Ради этого случая мне сшили в ателье костюм цвета морской волны (это была очень голубая волна), купили черное драповое пальтишко и модельные туфли. С маленьким чемоданчиком меня проводили на поезд. На перроне стояла огромная толпа парнасовцев, родственников, зевак.
Ленинград
Двадцать второго ноября в полдень я сошел на Московском вокзале. В Ленинграде стоял двадцатиградусный мороз, я сразу околел. Я шел по Невскому до улицы Желябова, забегая в магазины и кофейни, чтобы согреться, и весь посиневший вошел в служебный вход Театра эстрады. Было пусто, холодно, неуютно. Я встретил Тамару Кушелевскую, которая с трудом меня узнала; первые ее слова были: «Идиот, зачем ты приехал?»
Я зашел к директору, меня стали оформлять, дали зарплату восемьдесят восемь рублей и тут же пригласили на репетицию. На меня почти не обращали внимания, с трудом вспоминали кто такой. Райкина не было, он в это время был в Западном Берлине, но дал задание вводить меня в избранные миниатюры. Я получил маленький эпизод: два здоровых лба спаивают маленького. Я выпивал – и падал. О, я вспомнил, как падал в Одессе! Но здесь меня быстро одернули: не тяни одеяло на себя.
Приехал Райкин, ласково со мной поздоровался, спросил, что мы успели сделать, – и мы показали ему эту сценку. Ему понравилось, и он посоветовал мне подольше и посмешней падать. Опыт у меня был – что-что, а падать я умел!..
И начались будни. Сначала меня поселили с актером театра Валерой Харитоновым – временно, пока не сниму себе угол. Мы с ним подружились, он вводил меня в курс, помогал, советовал. Это был очень мягкий симпатичный человек. И все равно – снежный, холодный, мрачный Ленинград, я один (еще не было Вити, Миши)…

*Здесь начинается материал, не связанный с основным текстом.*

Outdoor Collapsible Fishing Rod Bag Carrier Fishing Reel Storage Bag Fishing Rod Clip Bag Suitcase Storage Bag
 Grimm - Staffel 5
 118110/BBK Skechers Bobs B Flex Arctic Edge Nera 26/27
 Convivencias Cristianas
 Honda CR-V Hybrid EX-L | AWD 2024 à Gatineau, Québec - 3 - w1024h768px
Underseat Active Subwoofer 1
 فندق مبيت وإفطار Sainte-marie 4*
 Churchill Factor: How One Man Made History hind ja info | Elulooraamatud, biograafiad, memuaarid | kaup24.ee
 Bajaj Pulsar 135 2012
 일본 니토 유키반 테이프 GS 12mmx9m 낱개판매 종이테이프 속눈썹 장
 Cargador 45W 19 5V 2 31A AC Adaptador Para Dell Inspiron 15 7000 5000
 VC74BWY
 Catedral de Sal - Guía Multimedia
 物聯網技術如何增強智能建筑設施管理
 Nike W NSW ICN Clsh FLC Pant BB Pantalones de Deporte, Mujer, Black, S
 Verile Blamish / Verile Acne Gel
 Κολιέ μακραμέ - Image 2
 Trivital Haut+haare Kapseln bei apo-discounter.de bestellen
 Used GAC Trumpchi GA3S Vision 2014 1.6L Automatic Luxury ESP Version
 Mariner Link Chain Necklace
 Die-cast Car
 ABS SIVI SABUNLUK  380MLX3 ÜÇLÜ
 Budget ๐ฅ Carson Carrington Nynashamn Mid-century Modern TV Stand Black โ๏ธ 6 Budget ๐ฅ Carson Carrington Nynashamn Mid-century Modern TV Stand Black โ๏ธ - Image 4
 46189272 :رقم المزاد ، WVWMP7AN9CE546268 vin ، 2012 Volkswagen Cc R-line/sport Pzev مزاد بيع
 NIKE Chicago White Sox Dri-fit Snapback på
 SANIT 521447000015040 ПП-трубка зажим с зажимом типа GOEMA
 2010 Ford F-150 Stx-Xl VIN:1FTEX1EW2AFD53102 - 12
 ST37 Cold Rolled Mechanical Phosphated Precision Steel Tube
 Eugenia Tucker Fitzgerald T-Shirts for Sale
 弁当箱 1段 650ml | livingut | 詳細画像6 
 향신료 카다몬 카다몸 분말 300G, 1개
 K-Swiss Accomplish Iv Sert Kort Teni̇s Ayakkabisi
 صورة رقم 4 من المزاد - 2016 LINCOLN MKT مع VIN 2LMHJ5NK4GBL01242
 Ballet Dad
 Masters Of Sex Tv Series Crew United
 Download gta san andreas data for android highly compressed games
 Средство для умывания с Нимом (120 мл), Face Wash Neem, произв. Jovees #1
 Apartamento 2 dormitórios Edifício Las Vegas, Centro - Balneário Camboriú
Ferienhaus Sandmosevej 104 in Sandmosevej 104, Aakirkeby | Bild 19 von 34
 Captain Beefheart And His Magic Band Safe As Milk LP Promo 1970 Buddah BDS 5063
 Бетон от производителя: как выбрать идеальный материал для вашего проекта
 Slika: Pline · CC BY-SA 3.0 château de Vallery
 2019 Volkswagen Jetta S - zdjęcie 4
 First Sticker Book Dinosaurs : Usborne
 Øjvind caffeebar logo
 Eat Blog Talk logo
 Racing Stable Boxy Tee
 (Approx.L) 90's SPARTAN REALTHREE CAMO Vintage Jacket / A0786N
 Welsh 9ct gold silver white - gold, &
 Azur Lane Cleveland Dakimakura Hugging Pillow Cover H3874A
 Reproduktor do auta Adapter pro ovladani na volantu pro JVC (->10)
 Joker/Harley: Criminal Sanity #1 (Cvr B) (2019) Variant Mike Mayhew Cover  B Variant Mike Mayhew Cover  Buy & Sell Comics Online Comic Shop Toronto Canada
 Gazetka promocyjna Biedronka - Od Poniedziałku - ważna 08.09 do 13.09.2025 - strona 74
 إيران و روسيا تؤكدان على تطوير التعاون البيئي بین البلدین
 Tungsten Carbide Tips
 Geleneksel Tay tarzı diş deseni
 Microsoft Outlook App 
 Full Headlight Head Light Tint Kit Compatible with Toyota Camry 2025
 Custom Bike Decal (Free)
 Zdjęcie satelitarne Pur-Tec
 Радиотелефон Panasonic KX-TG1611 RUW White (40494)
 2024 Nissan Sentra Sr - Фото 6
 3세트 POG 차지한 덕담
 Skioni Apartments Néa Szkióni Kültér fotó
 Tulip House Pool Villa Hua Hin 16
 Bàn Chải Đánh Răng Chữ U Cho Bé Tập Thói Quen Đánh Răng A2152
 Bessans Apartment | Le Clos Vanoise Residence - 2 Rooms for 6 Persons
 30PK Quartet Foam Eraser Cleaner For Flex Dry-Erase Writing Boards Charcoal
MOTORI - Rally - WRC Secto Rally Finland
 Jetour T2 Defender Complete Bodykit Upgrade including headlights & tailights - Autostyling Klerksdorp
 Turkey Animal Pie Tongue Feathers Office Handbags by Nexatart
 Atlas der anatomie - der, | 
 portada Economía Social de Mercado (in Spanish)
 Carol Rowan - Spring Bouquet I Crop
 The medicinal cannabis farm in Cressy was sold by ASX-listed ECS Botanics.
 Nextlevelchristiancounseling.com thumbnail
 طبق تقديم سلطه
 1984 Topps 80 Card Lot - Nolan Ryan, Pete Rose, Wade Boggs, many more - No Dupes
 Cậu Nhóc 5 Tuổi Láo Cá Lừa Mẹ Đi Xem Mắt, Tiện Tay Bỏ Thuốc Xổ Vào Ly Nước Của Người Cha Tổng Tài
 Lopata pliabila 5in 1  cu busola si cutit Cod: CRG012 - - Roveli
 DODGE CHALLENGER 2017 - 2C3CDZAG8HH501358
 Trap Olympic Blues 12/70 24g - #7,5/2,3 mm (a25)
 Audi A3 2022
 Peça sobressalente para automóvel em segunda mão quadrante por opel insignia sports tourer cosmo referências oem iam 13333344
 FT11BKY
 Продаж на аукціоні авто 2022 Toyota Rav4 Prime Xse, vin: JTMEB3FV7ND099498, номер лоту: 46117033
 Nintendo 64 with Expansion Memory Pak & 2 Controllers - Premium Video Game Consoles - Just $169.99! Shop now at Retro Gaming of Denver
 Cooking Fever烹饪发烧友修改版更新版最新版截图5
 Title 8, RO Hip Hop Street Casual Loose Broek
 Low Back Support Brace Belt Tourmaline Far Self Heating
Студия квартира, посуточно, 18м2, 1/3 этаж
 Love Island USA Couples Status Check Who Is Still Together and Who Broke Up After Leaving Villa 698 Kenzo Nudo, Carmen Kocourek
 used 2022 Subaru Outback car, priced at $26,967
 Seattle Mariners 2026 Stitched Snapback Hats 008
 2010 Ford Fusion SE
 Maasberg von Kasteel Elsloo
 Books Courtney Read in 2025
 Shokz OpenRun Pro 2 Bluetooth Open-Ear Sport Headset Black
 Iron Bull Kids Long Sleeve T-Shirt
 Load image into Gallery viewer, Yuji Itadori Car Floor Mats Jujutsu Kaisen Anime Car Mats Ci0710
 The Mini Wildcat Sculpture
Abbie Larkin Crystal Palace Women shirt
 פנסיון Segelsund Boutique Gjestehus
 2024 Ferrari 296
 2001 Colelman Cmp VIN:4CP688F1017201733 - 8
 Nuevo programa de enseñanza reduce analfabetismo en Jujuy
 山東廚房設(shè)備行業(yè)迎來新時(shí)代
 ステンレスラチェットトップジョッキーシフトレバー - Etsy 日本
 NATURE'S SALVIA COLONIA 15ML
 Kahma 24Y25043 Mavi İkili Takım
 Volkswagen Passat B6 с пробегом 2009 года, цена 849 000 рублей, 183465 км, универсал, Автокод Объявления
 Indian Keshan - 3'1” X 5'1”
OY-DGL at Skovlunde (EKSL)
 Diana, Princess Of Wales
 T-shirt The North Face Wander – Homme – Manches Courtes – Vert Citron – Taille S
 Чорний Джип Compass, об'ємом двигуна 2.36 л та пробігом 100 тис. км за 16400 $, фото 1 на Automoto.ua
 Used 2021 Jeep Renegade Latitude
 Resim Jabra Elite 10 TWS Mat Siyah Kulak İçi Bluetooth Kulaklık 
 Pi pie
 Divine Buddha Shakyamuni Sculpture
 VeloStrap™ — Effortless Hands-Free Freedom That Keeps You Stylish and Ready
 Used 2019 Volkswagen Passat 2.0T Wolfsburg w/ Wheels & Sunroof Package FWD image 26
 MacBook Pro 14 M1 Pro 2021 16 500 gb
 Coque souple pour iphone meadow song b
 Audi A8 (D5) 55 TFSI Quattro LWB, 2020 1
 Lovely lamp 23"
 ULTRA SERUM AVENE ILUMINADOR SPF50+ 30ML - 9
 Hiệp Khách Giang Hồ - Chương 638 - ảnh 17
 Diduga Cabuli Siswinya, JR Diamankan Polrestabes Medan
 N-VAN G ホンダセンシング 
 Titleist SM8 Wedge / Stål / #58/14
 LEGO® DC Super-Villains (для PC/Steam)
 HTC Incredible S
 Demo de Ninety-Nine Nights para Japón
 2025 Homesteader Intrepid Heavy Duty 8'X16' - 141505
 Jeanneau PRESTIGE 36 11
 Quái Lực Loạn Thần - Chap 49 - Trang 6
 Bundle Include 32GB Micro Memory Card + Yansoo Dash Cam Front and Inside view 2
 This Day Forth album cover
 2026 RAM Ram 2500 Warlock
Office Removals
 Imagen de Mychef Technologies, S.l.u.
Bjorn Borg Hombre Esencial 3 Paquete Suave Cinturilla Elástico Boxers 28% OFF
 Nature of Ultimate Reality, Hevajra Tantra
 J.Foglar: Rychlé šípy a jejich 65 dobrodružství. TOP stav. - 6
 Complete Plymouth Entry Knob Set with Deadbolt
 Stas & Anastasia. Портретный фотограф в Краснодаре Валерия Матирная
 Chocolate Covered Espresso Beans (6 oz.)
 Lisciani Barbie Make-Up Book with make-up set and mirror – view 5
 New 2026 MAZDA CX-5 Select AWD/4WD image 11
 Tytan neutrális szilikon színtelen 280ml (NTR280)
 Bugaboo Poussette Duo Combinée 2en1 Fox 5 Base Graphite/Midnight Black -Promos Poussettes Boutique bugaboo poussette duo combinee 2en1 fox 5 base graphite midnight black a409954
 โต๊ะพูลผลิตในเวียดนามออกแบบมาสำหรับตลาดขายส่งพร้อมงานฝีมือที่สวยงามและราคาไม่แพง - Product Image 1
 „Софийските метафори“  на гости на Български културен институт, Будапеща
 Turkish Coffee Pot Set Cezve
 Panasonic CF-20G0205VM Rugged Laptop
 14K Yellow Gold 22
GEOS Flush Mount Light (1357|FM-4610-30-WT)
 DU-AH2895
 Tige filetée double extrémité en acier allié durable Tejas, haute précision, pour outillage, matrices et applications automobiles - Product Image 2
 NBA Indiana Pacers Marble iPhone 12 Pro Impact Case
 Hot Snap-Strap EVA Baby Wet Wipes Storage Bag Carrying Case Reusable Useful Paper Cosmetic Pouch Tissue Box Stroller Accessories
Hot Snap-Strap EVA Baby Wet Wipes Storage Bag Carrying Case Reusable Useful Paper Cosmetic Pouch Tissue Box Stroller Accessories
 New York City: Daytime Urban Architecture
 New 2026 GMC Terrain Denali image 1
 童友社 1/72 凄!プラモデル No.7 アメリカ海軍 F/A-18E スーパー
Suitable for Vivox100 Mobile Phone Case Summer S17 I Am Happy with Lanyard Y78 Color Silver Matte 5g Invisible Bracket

Потом я снял угол за двадцать пять рублей, а из положенных мне восьмидесяти восьми рублей восемь высчитывали за бездетность, – что оставалось, уже шло на «кутеж». Меня сейчас искренне удивляют люди, которые взахлеб восхищаются той жизнью. И все же я был молод. Ем мало, одежды нет, зато есть театр – театр Райкина: мечта, которая сбылась, а это бывает так редко!
Театральный Ленинград переживал тогда время расцвета. Театр Товстоногова: молодые Юрский, Лавров, Лебедев, Смоктуновский, Борисов, Копелян, Луспекаев, Доронина, Попова, Стржельчик – да разве всех перечислишь… Театр Акимова, театр Пушкина: Симонов, Меркурьев. Глаза разбегались. А музеи, дворцы, мосты!.. И все для меня внове. Поэтому и зарплата, и скромная еда, и клопы в моем углу – все это было неважно. Завтракал за рубль в молочном кафе «Ленинград», обедал в пирожковой на Невском (четыре пирожка и бульон) – и вперед: репетиции, спектакли, Райкин, на которого я смотрел семь лет каждый вечер.
Помню свой первый выход на сцену – в маленькой миниатюре, на сцене Дворца Первой пятилетки. Мне укоротили чей-то костюм, лоснившийся в нескольких местах. Мы, четырнадцать актеров, становились в затылок, выходил Райкин – врач, слушал спину последнего и говорил: «У четвертого сухой плеврит, остальные здоровы». Четвертым был я. У меня дрожали ноги. Я был по-настоящему болен! Хохот, аплодисменты…
Постепенно меня вводили в разные эпизоды. Райкин предложил мне поменять фамилию. Так я стал вместо Каца Карцевым – и остаюсь до сих пор.